Page 1 of 1

Difference between Explicit sort and Sort on partition

Posted: Thu Jun 29, 2006 8:13 am
by dsdesigner
This is a question that was lingering in my mind for a long time and thought it best to take the opinions from the forum.

This question is related to stages like Join/Aggregator where the data need to be partitioned and sorted. In the chapter pertaining to the Join stage for the parallel job developer guide, for sorting before the join, an explicit Sort stage is used. I have religiously followed the guide in my development and placed an explicit sorted the data using the sort stage before the join. Yet some of the developers I have come accross do not use an explicit sort stage but sort each partition on the join stage itself. My experiments with both the methods (sorting using explicit sort stage and sorting on partition) yield the correct results.

My question is which method is preferred?
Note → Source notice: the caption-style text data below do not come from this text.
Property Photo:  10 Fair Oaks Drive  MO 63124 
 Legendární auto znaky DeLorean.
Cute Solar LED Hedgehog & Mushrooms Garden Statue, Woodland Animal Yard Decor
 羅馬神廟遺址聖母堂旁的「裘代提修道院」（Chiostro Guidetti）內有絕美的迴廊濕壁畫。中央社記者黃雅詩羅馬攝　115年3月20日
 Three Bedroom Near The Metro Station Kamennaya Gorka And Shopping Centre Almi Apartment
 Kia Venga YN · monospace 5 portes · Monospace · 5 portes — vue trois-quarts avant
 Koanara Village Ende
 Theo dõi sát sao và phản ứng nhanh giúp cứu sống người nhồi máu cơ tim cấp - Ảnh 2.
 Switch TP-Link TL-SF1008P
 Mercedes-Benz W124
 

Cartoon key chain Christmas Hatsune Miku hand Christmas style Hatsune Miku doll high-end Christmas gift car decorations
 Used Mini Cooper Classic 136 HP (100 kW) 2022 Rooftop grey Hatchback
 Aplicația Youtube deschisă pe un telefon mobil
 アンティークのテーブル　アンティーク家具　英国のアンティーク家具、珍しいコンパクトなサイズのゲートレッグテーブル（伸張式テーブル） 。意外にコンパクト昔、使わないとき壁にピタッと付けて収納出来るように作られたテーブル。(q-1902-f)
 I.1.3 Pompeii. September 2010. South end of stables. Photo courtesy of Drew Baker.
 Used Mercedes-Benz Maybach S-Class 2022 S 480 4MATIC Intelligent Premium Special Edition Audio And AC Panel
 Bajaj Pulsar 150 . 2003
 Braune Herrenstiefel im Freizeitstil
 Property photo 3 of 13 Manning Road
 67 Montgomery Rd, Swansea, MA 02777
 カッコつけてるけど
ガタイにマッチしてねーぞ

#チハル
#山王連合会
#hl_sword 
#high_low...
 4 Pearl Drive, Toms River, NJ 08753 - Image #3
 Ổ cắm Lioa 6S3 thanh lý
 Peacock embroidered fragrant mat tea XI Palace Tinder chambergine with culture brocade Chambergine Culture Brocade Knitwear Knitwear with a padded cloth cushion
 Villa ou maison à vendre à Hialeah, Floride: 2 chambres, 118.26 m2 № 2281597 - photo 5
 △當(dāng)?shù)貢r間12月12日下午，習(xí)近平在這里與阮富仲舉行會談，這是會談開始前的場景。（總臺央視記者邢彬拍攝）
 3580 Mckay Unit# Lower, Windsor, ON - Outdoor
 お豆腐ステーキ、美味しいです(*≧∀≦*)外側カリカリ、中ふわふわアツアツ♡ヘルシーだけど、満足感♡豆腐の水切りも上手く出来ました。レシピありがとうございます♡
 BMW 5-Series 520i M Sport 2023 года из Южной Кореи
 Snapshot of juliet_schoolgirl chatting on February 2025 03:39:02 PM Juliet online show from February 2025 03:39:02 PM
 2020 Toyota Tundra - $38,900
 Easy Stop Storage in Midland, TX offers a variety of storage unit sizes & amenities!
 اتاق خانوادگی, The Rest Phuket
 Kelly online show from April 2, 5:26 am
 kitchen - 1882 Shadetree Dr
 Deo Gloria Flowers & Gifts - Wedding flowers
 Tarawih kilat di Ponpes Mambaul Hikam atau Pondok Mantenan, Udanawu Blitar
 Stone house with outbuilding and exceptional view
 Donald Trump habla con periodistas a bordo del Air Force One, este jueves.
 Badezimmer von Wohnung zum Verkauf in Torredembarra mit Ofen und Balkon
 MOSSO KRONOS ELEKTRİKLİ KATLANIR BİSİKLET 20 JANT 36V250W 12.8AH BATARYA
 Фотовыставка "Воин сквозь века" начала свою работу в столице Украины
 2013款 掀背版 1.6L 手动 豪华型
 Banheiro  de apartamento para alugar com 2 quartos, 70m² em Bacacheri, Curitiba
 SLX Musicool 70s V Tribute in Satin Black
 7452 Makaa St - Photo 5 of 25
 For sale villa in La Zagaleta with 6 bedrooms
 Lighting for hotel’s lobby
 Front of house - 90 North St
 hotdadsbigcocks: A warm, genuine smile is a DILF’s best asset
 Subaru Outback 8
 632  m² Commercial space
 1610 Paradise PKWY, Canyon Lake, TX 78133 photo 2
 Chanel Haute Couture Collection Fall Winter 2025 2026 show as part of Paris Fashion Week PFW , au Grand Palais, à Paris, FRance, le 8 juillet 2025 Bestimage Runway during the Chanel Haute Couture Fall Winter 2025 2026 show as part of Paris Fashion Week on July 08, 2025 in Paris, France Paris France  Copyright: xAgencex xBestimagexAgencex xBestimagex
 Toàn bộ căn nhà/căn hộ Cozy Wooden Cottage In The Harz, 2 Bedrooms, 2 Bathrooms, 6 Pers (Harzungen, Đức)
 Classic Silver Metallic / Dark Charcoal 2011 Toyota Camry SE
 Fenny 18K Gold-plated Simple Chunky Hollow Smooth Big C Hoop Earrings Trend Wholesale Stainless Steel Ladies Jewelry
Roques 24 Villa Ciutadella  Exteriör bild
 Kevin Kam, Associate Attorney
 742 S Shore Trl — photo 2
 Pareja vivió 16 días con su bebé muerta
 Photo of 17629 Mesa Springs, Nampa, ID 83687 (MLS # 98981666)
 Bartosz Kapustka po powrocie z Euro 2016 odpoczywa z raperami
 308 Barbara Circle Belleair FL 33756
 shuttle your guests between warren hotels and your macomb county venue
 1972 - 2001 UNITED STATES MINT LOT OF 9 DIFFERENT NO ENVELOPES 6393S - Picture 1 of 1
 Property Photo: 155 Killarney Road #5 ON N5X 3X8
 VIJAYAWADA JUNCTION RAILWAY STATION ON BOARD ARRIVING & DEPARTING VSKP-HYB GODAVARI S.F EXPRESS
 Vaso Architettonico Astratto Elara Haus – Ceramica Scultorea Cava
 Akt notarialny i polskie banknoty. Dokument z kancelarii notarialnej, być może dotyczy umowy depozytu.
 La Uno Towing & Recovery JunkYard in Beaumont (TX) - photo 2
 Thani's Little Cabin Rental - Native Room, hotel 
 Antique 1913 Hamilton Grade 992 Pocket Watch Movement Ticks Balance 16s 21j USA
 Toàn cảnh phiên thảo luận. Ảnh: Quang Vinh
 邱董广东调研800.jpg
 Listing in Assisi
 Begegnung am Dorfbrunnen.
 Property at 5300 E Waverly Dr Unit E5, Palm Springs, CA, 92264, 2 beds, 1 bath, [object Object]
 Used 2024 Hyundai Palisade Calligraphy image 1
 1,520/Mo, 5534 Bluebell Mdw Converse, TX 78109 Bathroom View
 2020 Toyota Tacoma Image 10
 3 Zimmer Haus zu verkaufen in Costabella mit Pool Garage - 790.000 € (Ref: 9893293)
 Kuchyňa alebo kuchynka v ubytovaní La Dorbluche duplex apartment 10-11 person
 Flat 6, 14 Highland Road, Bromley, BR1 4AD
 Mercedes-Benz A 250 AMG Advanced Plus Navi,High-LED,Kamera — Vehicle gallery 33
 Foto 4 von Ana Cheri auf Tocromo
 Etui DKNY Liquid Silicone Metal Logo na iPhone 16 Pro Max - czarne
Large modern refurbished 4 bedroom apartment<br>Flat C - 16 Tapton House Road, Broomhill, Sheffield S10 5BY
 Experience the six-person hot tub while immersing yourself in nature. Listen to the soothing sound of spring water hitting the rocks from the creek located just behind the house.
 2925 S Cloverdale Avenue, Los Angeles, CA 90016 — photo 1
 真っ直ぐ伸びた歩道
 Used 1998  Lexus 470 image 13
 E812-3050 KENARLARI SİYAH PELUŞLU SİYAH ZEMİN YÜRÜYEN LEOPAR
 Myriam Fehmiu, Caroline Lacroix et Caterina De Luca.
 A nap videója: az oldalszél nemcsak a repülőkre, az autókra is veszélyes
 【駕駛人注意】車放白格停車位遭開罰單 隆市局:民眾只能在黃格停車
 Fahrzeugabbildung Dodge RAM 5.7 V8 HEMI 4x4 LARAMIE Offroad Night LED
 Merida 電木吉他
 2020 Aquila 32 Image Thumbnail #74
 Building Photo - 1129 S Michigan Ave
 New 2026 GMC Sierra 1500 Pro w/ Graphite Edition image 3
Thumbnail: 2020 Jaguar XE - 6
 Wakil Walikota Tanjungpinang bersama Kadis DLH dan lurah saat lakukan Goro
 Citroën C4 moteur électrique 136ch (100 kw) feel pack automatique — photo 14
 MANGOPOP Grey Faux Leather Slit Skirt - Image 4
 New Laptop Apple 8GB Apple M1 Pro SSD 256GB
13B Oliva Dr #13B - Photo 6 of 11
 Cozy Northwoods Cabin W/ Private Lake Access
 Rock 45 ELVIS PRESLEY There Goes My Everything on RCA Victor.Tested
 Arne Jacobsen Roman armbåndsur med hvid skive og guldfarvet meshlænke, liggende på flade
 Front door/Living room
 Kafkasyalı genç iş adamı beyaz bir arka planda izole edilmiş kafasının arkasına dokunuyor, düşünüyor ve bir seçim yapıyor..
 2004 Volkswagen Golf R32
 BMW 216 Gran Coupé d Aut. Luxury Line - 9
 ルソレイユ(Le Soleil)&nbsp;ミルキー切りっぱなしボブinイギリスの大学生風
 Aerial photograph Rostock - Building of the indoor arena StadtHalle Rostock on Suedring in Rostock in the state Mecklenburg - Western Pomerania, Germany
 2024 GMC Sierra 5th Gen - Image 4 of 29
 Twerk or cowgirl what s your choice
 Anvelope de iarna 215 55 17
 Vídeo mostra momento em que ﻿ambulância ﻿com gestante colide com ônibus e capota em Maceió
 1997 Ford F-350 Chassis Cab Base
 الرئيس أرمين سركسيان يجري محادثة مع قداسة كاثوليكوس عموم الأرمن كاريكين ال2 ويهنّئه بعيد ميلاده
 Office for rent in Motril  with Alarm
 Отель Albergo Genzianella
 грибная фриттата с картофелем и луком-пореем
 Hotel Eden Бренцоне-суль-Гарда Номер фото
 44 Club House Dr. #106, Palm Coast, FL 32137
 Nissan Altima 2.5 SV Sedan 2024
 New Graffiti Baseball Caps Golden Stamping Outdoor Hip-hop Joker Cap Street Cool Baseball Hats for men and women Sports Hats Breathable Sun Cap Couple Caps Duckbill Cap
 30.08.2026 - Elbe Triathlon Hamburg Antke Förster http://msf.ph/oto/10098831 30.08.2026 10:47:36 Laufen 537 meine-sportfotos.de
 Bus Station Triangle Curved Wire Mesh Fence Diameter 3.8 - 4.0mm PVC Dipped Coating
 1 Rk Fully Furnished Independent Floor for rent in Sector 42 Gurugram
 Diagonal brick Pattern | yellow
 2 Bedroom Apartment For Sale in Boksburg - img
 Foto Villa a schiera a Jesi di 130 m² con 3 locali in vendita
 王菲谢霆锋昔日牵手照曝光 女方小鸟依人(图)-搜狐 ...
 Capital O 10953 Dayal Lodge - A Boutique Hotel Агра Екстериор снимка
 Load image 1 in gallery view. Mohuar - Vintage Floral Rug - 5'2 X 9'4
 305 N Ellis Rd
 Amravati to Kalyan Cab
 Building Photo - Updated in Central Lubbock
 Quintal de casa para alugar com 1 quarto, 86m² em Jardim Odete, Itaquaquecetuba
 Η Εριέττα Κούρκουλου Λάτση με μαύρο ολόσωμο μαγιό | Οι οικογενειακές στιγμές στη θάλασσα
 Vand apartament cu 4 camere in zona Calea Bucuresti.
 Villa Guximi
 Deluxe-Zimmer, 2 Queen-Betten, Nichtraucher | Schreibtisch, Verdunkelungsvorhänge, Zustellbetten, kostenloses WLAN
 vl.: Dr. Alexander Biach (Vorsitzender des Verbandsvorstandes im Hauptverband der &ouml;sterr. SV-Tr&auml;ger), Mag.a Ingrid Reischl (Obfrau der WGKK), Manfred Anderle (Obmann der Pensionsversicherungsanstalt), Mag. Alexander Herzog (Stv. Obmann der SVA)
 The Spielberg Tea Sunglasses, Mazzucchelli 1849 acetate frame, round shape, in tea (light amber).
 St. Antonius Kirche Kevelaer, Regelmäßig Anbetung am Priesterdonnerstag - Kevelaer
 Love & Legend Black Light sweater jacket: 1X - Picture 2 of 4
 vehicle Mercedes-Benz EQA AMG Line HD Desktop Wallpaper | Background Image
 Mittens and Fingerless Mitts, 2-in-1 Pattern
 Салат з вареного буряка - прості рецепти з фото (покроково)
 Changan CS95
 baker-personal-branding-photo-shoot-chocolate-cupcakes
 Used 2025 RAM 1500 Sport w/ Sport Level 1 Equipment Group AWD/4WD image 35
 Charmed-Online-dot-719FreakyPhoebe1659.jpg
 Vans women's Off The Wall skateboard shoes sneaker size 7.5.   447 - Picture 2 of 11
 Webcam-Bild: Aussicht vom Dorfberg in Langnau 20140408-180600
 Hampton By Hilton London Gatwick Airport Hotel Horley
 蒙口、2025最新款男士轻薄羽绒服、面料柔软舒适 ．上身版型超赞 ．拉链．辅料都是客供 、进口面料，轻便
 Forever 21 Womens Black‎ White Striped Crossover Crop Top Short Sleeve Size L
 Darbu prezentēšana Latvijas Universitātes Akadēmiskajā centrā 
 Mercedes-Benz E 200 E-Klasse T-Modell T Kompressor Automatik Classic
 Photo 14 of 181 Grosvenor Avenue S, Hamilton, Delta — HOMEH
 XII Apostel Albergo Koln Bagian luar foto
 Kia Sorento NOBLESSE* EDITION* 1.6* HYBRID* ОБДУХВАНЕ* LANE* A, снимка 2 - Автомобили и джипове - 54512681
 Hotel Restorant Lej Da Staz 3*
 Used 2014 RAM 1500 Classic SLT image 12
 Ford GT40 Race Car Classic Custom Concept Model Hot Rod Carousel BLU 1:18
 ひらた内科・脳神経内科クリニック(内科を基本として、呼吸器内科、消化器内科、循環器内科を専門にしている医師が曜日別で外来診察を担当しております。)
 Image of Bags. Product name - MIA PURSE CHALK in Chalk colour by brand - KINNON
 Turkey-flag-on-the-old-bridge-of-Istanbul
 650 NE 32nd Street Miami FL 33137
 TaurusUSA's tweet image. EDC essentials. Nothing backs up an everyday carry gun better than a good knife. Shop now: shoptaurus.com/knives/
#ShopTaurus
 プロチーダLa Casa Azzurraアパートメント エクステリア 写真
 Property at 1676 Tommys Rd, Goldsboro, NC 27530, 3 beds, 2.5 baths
In other words, which would yield a better performance and why? What is the difference in the two methods?

I would greatly appreciate your thoughts on the above questions.

Thanks in advance.

dsdesigner

Posted: Thu Jun 29, 2006 11:04 am
by kumar_s
Hi dsdesigner ,
The same has been discussed many times earliar.
Explicit sort is always recomended as for as performance is concern. The main reason, would be the buffereing. If the sort need to be done by the link option on any stage like join, the whole two files need to be buffered inorder to get sorterd and later need to be joined. Which wont give you much performace benifit, than a explict sort stage specially designed for handling large voulume of data with use of temporary scratch file.
But all this would be more relevent if you have large amount of data. In case of low volume, it may be ok to have the sort on partition. This is because, by approaching this kind, we avoid unessary stage and its respective memory allocation... etc.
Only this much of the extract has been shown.